Any audio that you could predict ahead of time (backing track, autoplay assist clap, metronome, etc.) should use this method.

The scheduling is special because it is frame independent. If the time you want happen to land inbetween frame, the audio will still be able to start at that time. What magic is this? Frame is an abstract concept that Unity added. Usually at native side there is a tighter callback or something out of frame. (If you did microcontroller/Arduino/etc. , you may have heard of "interrupt" signal where you could make something happen in an instant.) Unity has a platform specific code to interface with native audio scheduling way. This method worths more than it looks.

Your naive solution of waiting to play at the right time within your update function will always be later than the time you rellly wanted because there is no way to ensure the frame time lands exactly at that point. You can assume the next frame would arrive 1/60 ahead of the current time in perfect condition, that is as far as you could.

The added problem is that it must be in the future. How would this affects us?

Assume latency is zero for now

For our sanity let's assume the music plays immediately and reliably at the time specified on PlayScheduled.

Fixing the overtime

Let's think about this simple situation. Your receptor position is at 0s. You want to start here. What bits of audio ideally you would like to hear right now?

It's the 0s of audio file! That is, if the next frame moved the receptor position to 16.66ms, then you would like to be hearing the 16.66ms time in your audio right now. The song is supposed to start at receptor time 0s. (Without offset, I will talk about it later.)

But hold on, how can we be already hearing audio at 0s in the file, when this frame, we just received the command to play and we have our "must play in the future" rule?

Consider this tactics :

Set audio time to 0s.
Schedule the audio to start in the 16.66 * 2 ms future time from now (I think the game could prepare the audio in 2 frames). Remember it in DSP time unit. For example, currently at this line of code you ask for DSP time and it says 20000 ms. Then you are "looking forward to" 20033 ms. Also the PlayScheduled accepts time in DSP timeline, so you also tell it 20033 ms.
Don't begin your gameplay just yet! The plan is to begin the game at 20033 ms.
Two update rounds later you check DSP time again and it was :
- 20033 ms (extremely unlikely) : Lucky! You are hearing 0s of audio right now and the receptor position is also at 0s right now. This frame you won't add delta time to the receptor position since it is correct. The next frames you continue adding delta time independent of audio time with hope that the audio time will still "remotely sticking" to your delta time added receptor time from now on. At least you got a very good start!
- 20018 ms (oh no) : The audio schedule that already went ahead didn't start just yet. But the next frame it probably already started and the code will go over that time! (Let's say 20041ms) But since the scheduled audio didn't start just yet and you are given this final chance to run any code before it starts, StopScheduled is definitely an option to cancel and try scheduling again. Well that may produce infinite loop. So I suggest just let this frame pass and see the next frame.
- 20041 ms (oh no) : The audio already started and there is no stopping it! What is the solution? For this frame, add a custom delta time so it accounts for the over-time. (that is 20041 - 20033 = 8ms) Remember that if was exact (the first case), we will not add delta time to receptor time this frame since it is already correct. This means your game will weirdly move a bit ahead this frame, and the next frame we can continue adding ~1/60s delta time like usual with the same hope I explained in the first case.

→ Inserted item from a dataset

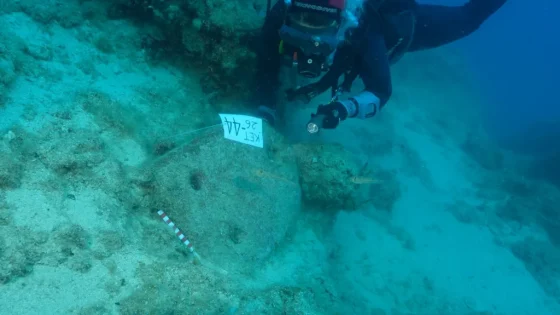 Turquie : découverte de la plus ancienne épave de navire connue au monde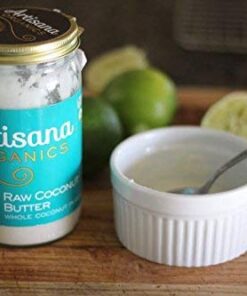 Artisana Organics Raw Coconut Butter (2 Pack (14 oz)) | No Sugar Added, Paleo, Keto Snack, Vegan and Non-GMO 14 Ounce (Pack of 2) 18 41vnrWNht8L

With this tactics, it is possible to circumvent the fact that "scheduled" is only available for audio by fixing the overtime. There is no "ExecuteCodeScheduled" so that the play start at time you want. You can cheat your way because the receptor is also in time unit, then you force it to move forward to match when the game loop present you this chance. This chance is the only exact chance you have, since it's you who said "20033 ms!" to the ultimate method PlayScheduled and now it is a bit over that, you know how far we are ahead of it. I will call this the NOW! moment.

All future frames are left for destiny of delta time and DSP time. (And the player's ear that would detect the drift or not, better if the player is not trying to perfect attack.)

How about coming back from a pause

When paused you don't pause the AudioSource, you stop it completely. We are redoing everything I said again on the frame your player pressed resume, except that you prime the audio play head time at our current receptor position when the player want to play again.

Pausing and resuming is nice this way, since we could fix any drift of DSP time and actual receptor time that we used to judge and render. We are redoing the "fixing the overtime" yet again and have an another chance to ensure exact sync.

How about starting before the song

The audio may start at receptor time 0s, but you have that intro animation on your cool UI plus a word READY?, but you want the notes scrolling in as you see the READY? on the screen. (Or see empty playfield scrolling in the back,)

This is simply set the receptor time to negative time according to the length of your intro animations. However one thing is different, when coming back from a pause, you prime the audio time ahead. Now, you cannot prime the audio time to negative! The least is 0s.

That's right! You must add this "under-time" to the scheduling method PlayScheduled instead and then prime the audio at 0s, the smallest it could go.

This means the schedule will be quite far ahead. The NOW! moment is quite far ahead. The game keeps checking for DSP time every frame... then finally there should be a frame that the DSP time returned is a bit over our destined time.

The difference though, we were adding delta time all along before this point to make the game scroll while we are displaying READY? This frame where you detected DSP over your scheduled DSP time, it would be perfect if you rather not add delta time to your receptor position, but set the receptor position to an equivalent time of the DSP time you scheduled plus the difference. Set means no matter where it is right now (it should be close by), it warps to the time you wanted.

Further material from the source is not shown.